The Mechanic is one slick action film from CBS Films with impossible assassinations and ridiculous explosions. As anyone can guess, a movie like this is bound to have more than a few issues – but if taken at face value and with it’s true intentions in mind, it’s a really fun flick that annihilates your January cabin fever.
Just so we’re clear, I’m not going to discuss all the variations between The Mechanic of 1972 (Charles Bronson), and The Mechanic of 2011 (Jason Statham). There are clear differences that set the two movies apart, but the over-all theme remains the same. The 2011 remake pays homage while retaining a sense of identity, providing a modern audience with a modern take on the assassin movie genre.
Bishop (Statham) is a professional assassin who is more than a little lonely. His super-secret Louisiana bayou hideout is posh and very ‘James Bond,’ but it’s completely secluded. You can see his torment over being the best at something that makes him miserable, especially when he visits his favorite leggy, French Quarter hooker with a heart of gold.

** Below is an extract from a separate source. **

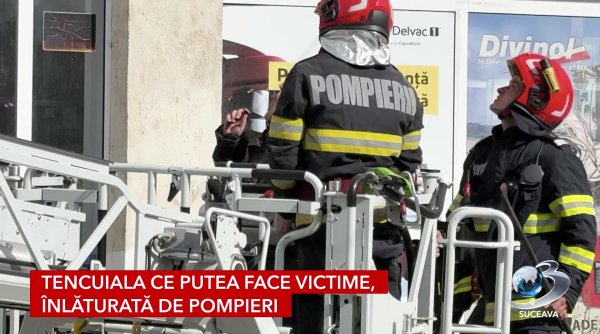 tencuiala ce putea face victime inlaturata de pompieri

Harry (Donald Sutherland) is his only friend and his link to the assassination contracting company. When a contract is taken out on Harry, Bishop’s world turns upside down. His hunt for answers and mission for revenge is interrupted when Harry’s screw up son, Steve (Ben Foster), stumbles into his way. Steve is hell bent on getting revenge in all the wrong ways. Bishop takes Steve under his wing (as more of a big brother than a father-figure), and teaches him the tricks of the trade. Where Bishop is cool and and very by-the-books, Steve is a hot mess and makes brash decisions. This unlikely duo takes us on a fun ride as they hunt down those responsible for Harry’s death.
The Mechanic offers us plenty of gunfire and explosions, as well as more than a few ridiculous scenarios. There are more than a few especially dark scenes that director Simon West perfectly aligns with a relief of humor. In fact, this whole movie is really pretty funny. The audience was given a plethora of insane and over the top predicaments that were obviously intended to generate the laughs. Don’t think that this is a slapstick comedy, though. This is a pure action movie that just doesn’t take itself too seriously. The explosions are grand and beautifully shot. The hand-to-hand fighting scenes are well choreographed and don’t have that overly-shaky camera effect to mask the actors’ abilities.
Sutherland shows us just how easy it is for him to be his best in any role. Though he doesn’t get a ton of screen time, every time you see him, he commands your attention. Statham does what Statham does best – blows shit up while sporting a sexy accent and a sexy physique. This is obviously the kind of movie that he’s good at, but it seems like he’s started carving out his niche with a jackhammer. If he’s not careful, he’ll have dug himself in so deep that he can’t get out. I would love to see more movies that offer him some depth; something with less action and more acting. I loved him in Snatch, and thought it really showed us what he can be capable of when there aren’t things blowing up. Jason, give us more of that please. While Statham was steaming up the screen with his sexy, cool, and slightly vulnerable character, Ben Foster proves to us yet again what an amazing actor he is. His character is written as pretty volatile and one-dimensional, but Foster brings much more than that to the table. There is an especially great scene where Steve gets very drunk, and Foster made this into one of my favorite scenes, both from an acting and directorial point of view. When you put Statham and Foster together, they have a surprising chemistry and an infallible ability to make every scene look cool and sexy.
While there are a lot of fun elements in The Mechanic, there are plenty of downfalls too. Though the actors played them to the best of their abilities, the characters are all a little lacking and the plot is fairly shallow and predictable. The ‘bad guy’ can be easily pointed out right from the beginning. The journey to his death is a fun one, but the actual revenge scene is a little disappointing. The very title and first scene are dedicated to showing and telling us what it means to be a ‘mechanic’ – the painstaking preparation and the rules that they must follow. We are told, “Pulling the trigger is easy – the best jobs are the ones no one knows you’re there,” and ” Victory loves preparation,” and yet, little of that carries through to the rest of the movie. West doesn’t show us hardly any preparation for the assassinations throughout the film, nor are we given much in the way of seeing Steve become a lethal assassin. There are a few short montages, and that’s about it. Usually the audience is plunked right down into the middle of a tense and stealthy mission and told by West, “Believe.”
The Mechanic is just what it appears to be, and doesn’t claim to be anything more. There’s 92 minutes of humor, action, suspicion, and plenty of explosions – all overseen by a fierce twosome. Don’t come expecting an award winning drama, or a twisty Shyamalan ending. This film is just your wake up call from a long, lazy winter.
I give The Mechanic 3.5 “Tepees” out of 5.